What does this mean? It seams to be saying that all three particles would have the same separation unless their states have opposite parity. Is this correct? Bosons and Fermions would have the same separation unless their states have odd parities? I never heard of this before, how does this work?

2. Feb 1, 2004

vanesch

Staff Emeritus
bosons, fermions, and distinguishons ?

Hi,

The way to solve the problem goes as follows:
if the particles are distinguishable, then the wave function is psi_n(x1) psi_m(x2). If they are fermions, then you have to use the antisymmetric form: 1/sqrt(2) (psi_n(x1) psi_m(x2) - psi_n(x2)psi_m(x1))

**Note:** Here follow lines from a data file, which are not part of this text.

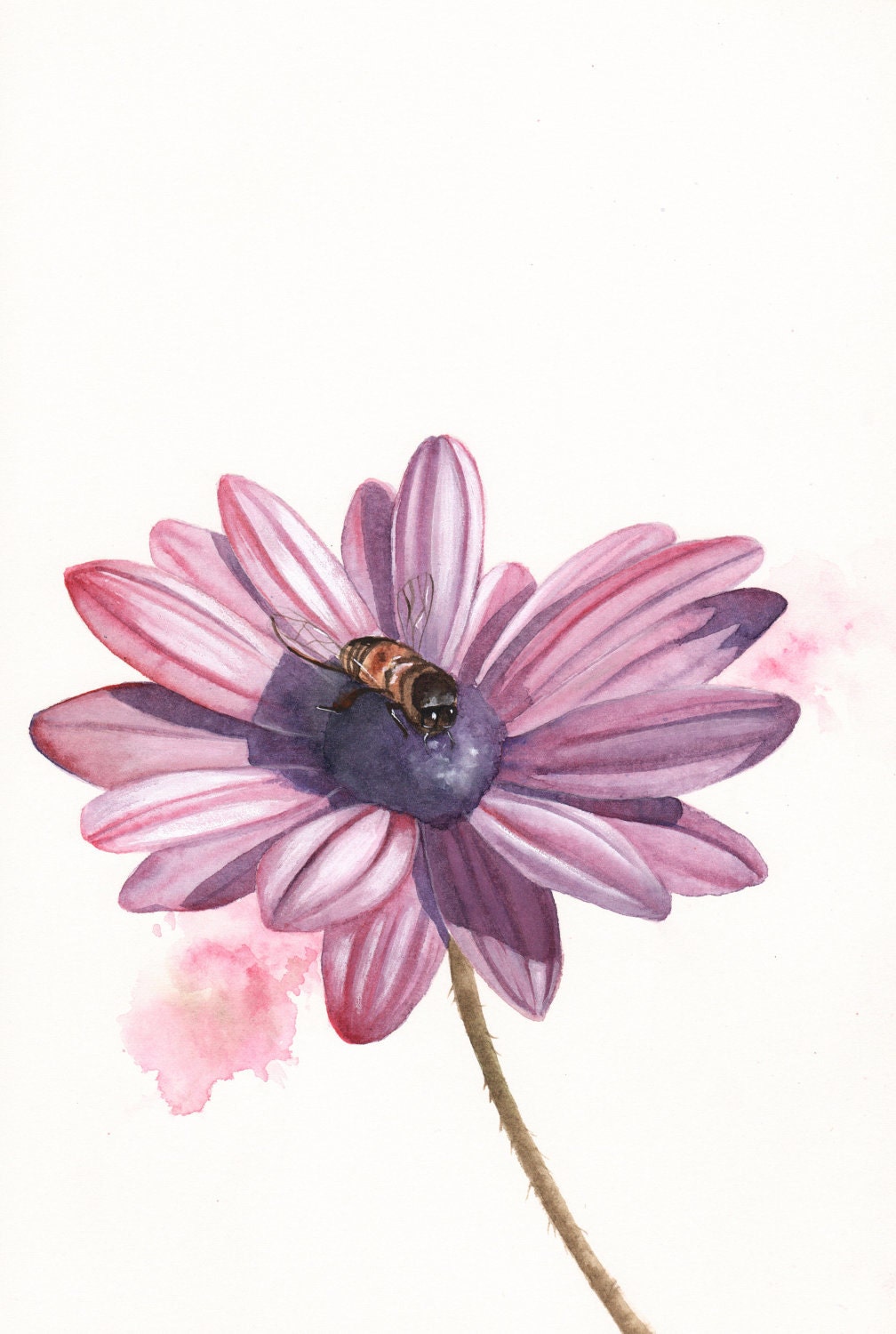 Daisy Painting - Print of Watercolor Painting - bee flower art- 5 by 7 print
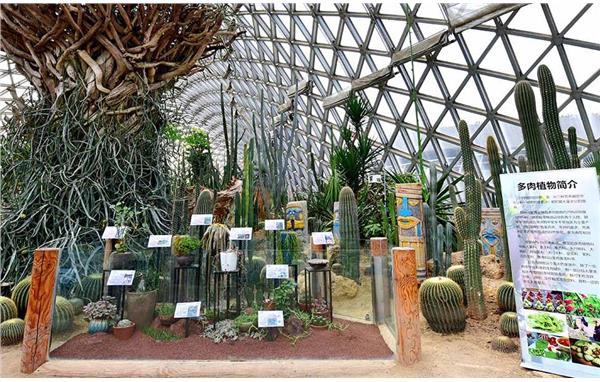 辰山植物园多肉植物展 (1).jpg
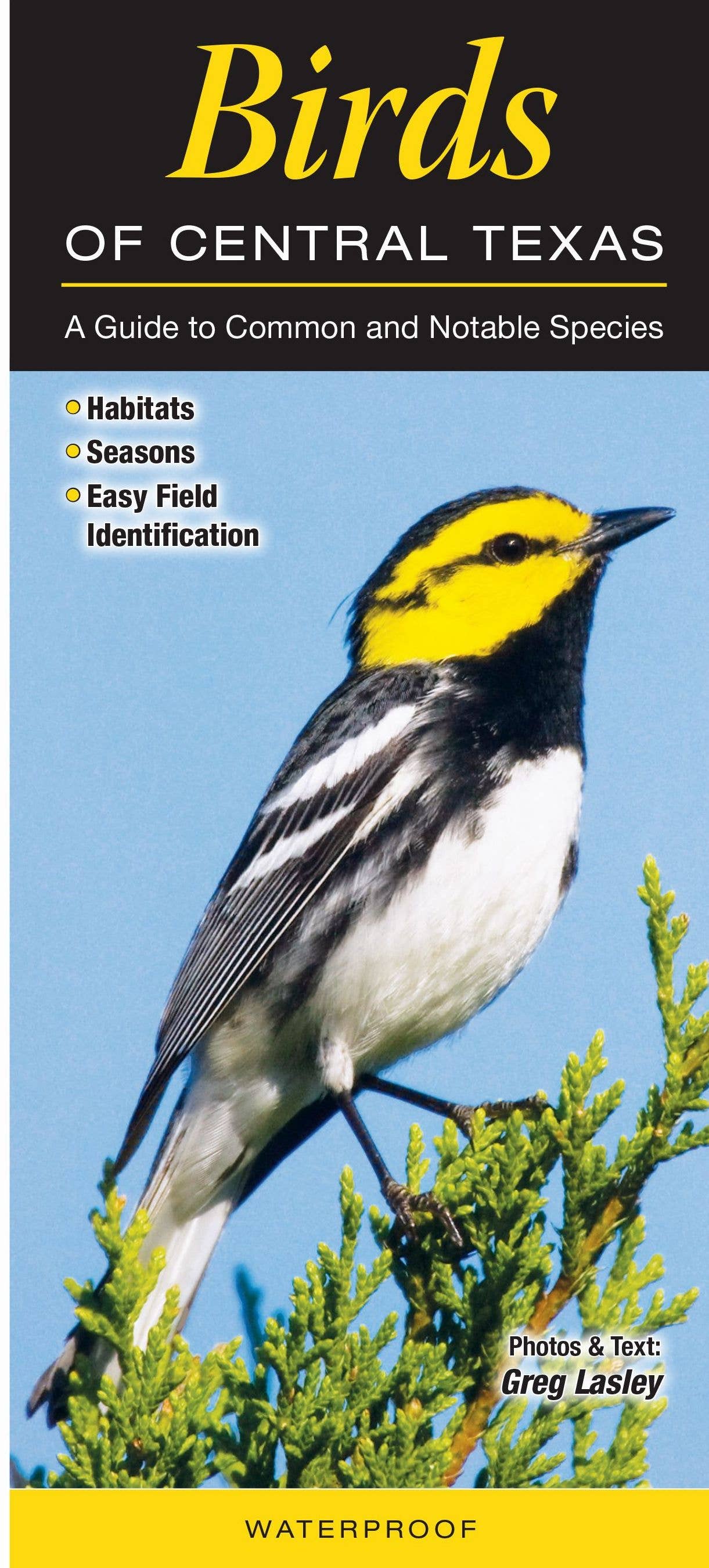 Folding Guide - Birds of Central Texas: A Guide to Common & Notable Species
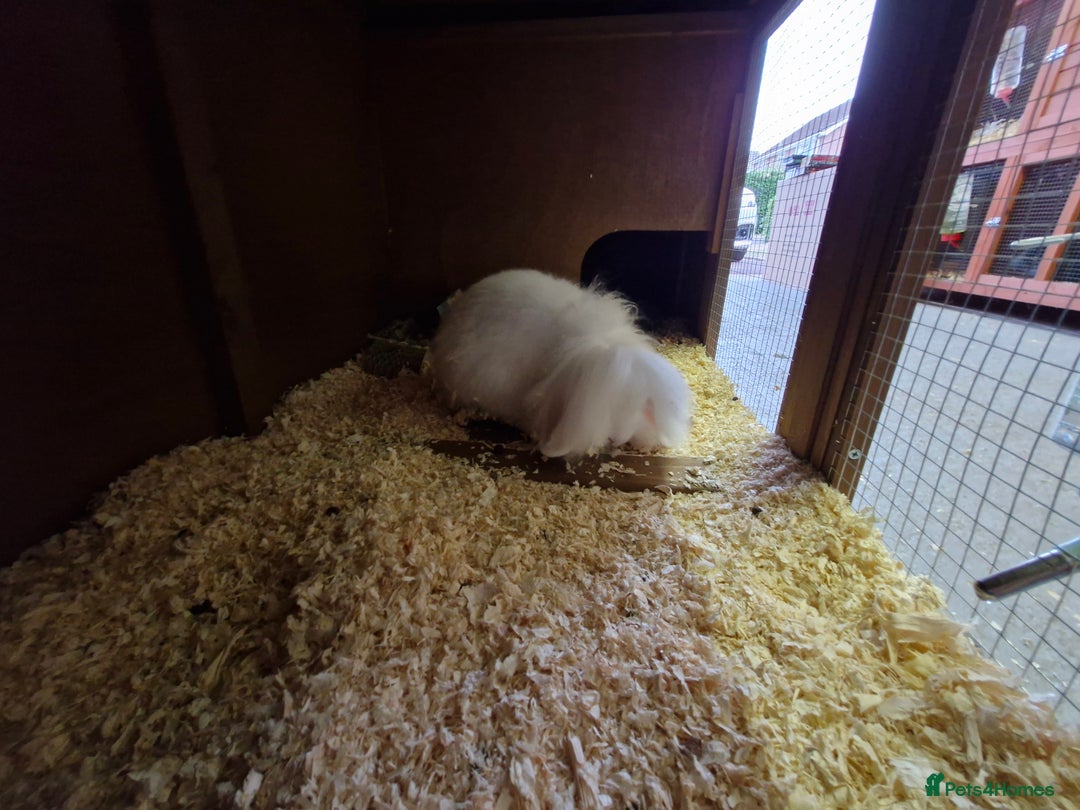 Lionhead rabbits for sale: Little girl bunny looking for her new home  - Image 4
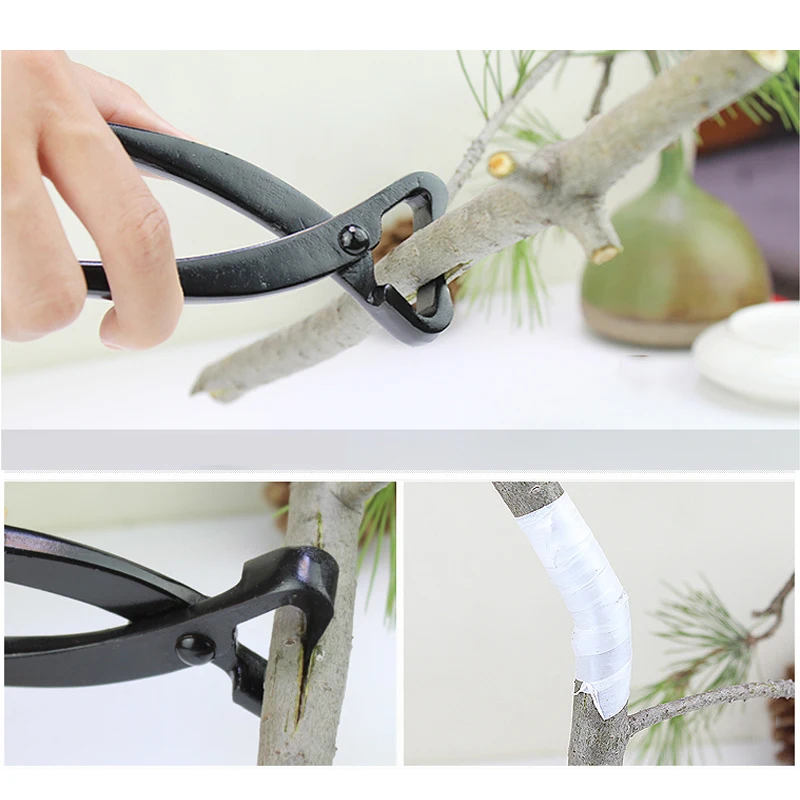 Cortador de perilla de bonsái  - Smart Garden Edging reseña y precio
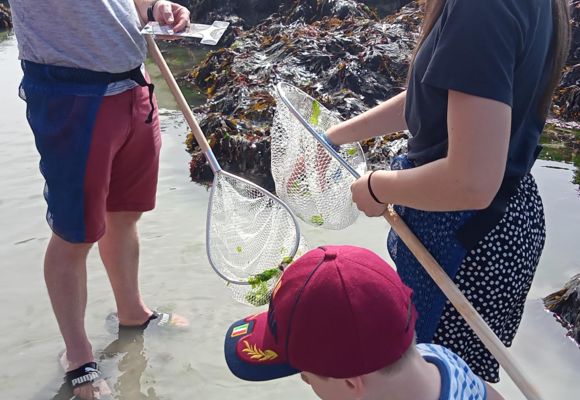 Monsieur jean , pêche à pied en famille pêche à la crevette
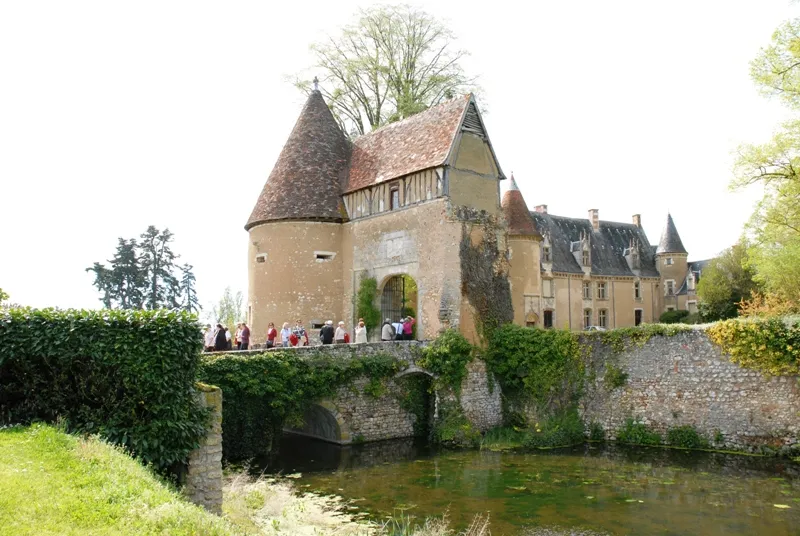 Image qui illustre: Château Et Donjon à Lys-Saint-Georges - 0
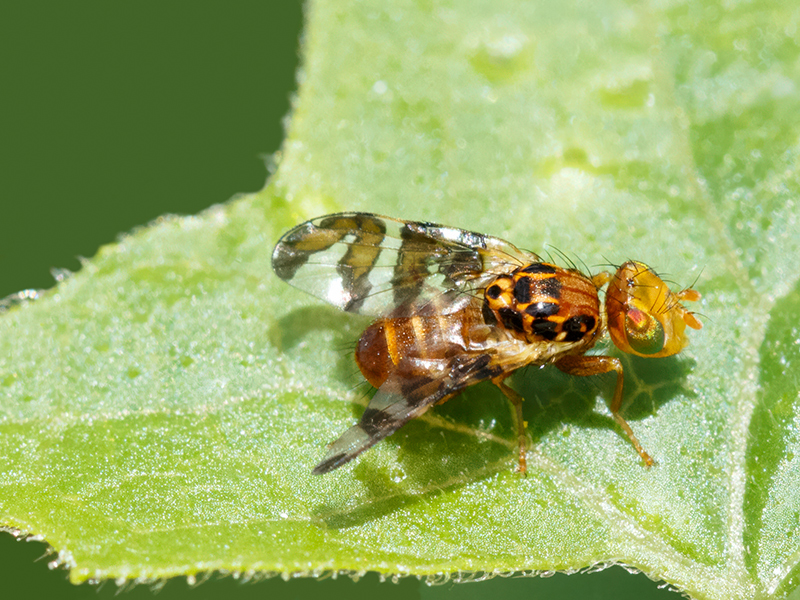 Goniglossum wiedemanni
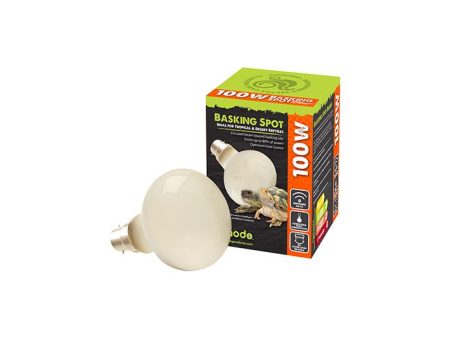 Komodo - Basking Spot - BC Bulb - 100w Online Sale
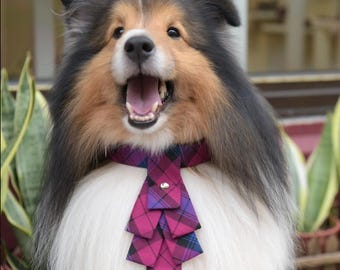 Festive Dog Collar with Tie – Adjustable Christmas Outfit for Small & Large Dogs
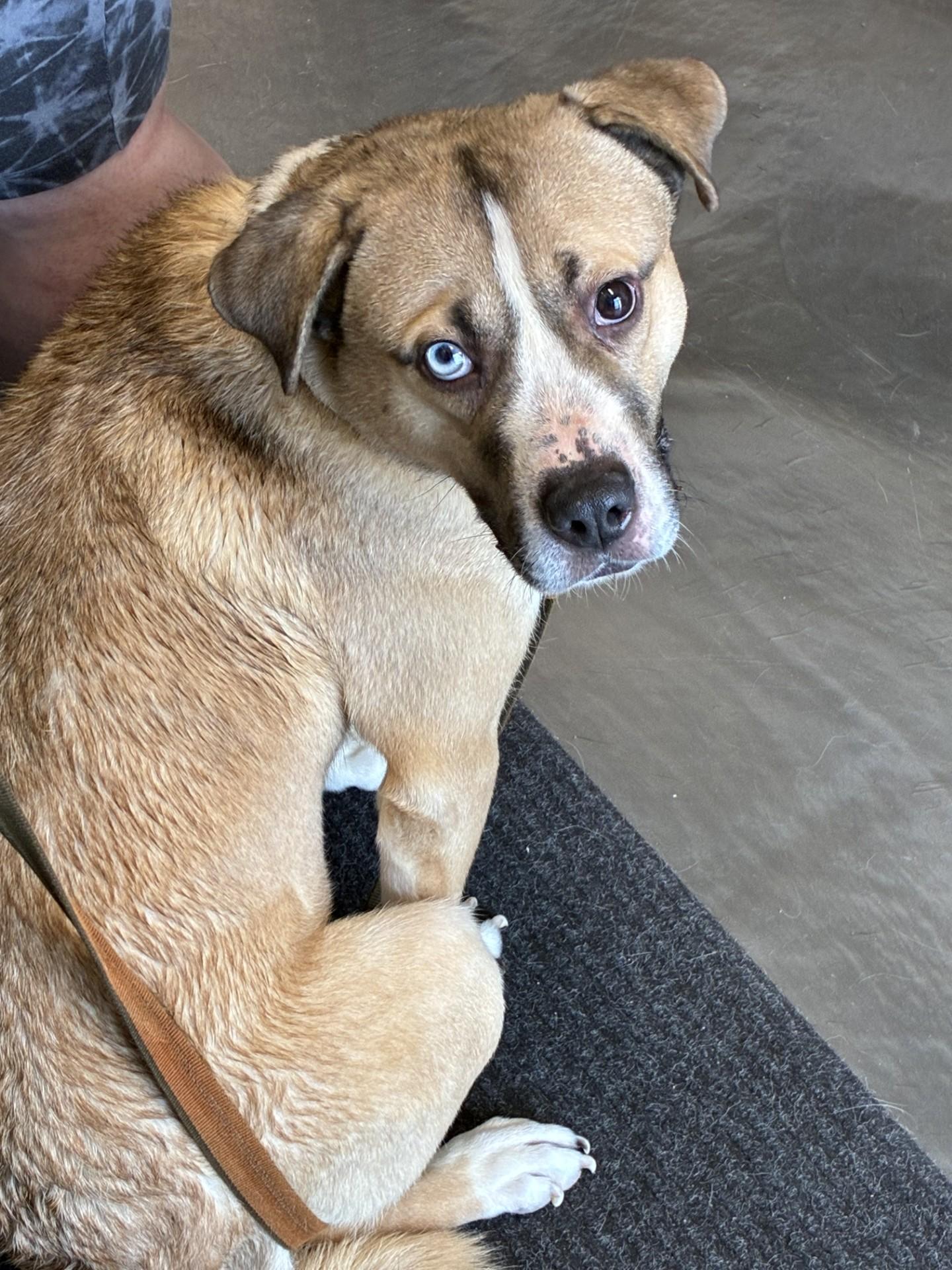 Enlarge Bo 26-0019/k9, a Adoptable mixed breed in Atlantic, IA image 1/1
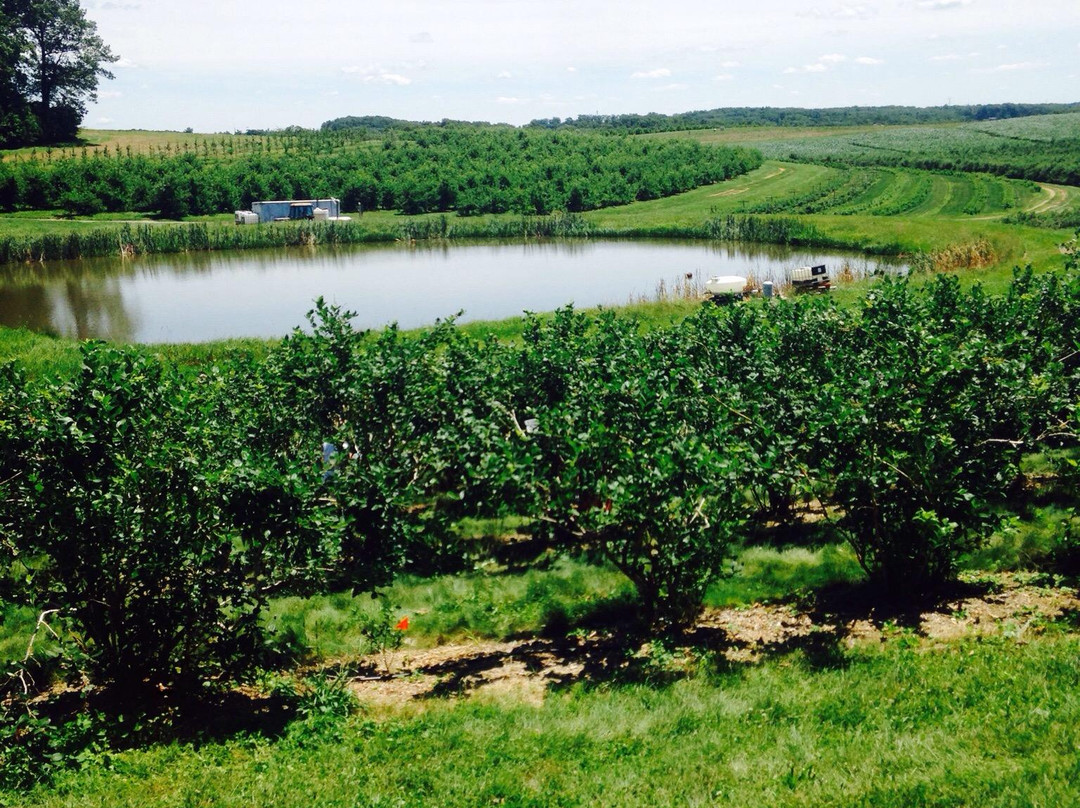 Shaw Orchards景点图片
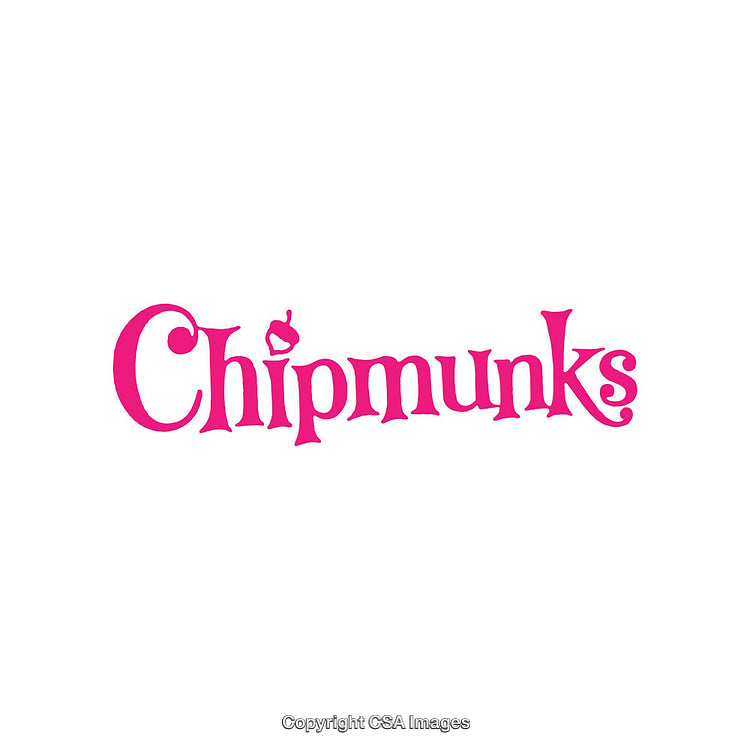 Pink Text Typography with Playful Font Design and Acorn Accent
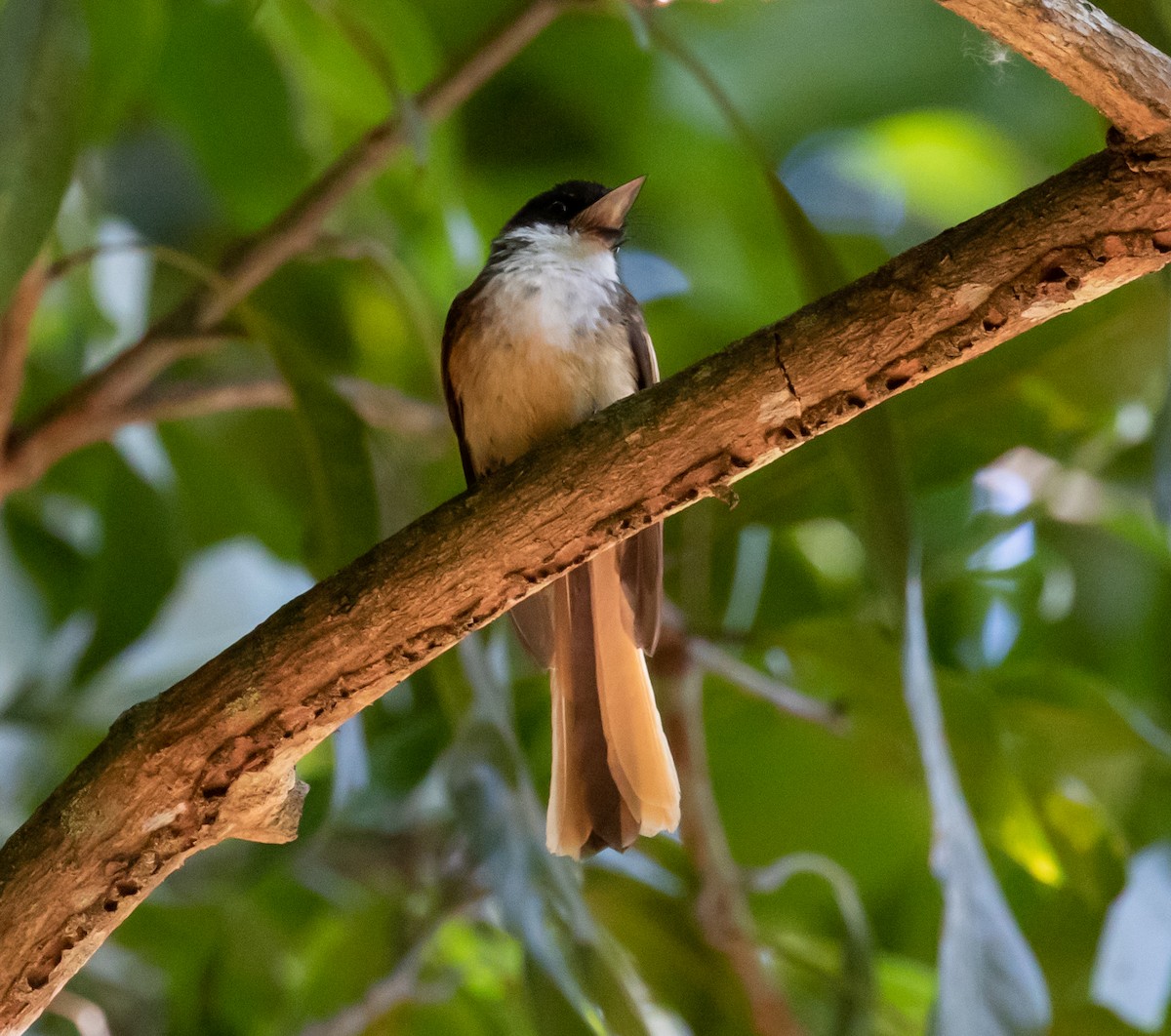 Cinnamon-tailed Fantail - ML432740711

and if they are bosons, then you have to use the symmtric form:
1/sqrt(2) (psi_n(x1) psi_m(x2) + psi_n(x2)psi_m(x1))

This for the technical part. Now the interpretational part is more difficult, and the effects are called "exchange effects" But in general, fermions tend to "repulse" eachother and bosons tend to "attract" eachother. But not with a term in the hamiltonian, but purely through these exchange effects.

cheers,
Patrick.

3. Feb 2, 2004

Sacroiliac

In case anyone's interested...........

I finally found the answer to this question in Quantum Physics of Atoms molecules etc. by Eisberg and Resnick on page 315.

I'd try to explain it but I don't think I can pull it off.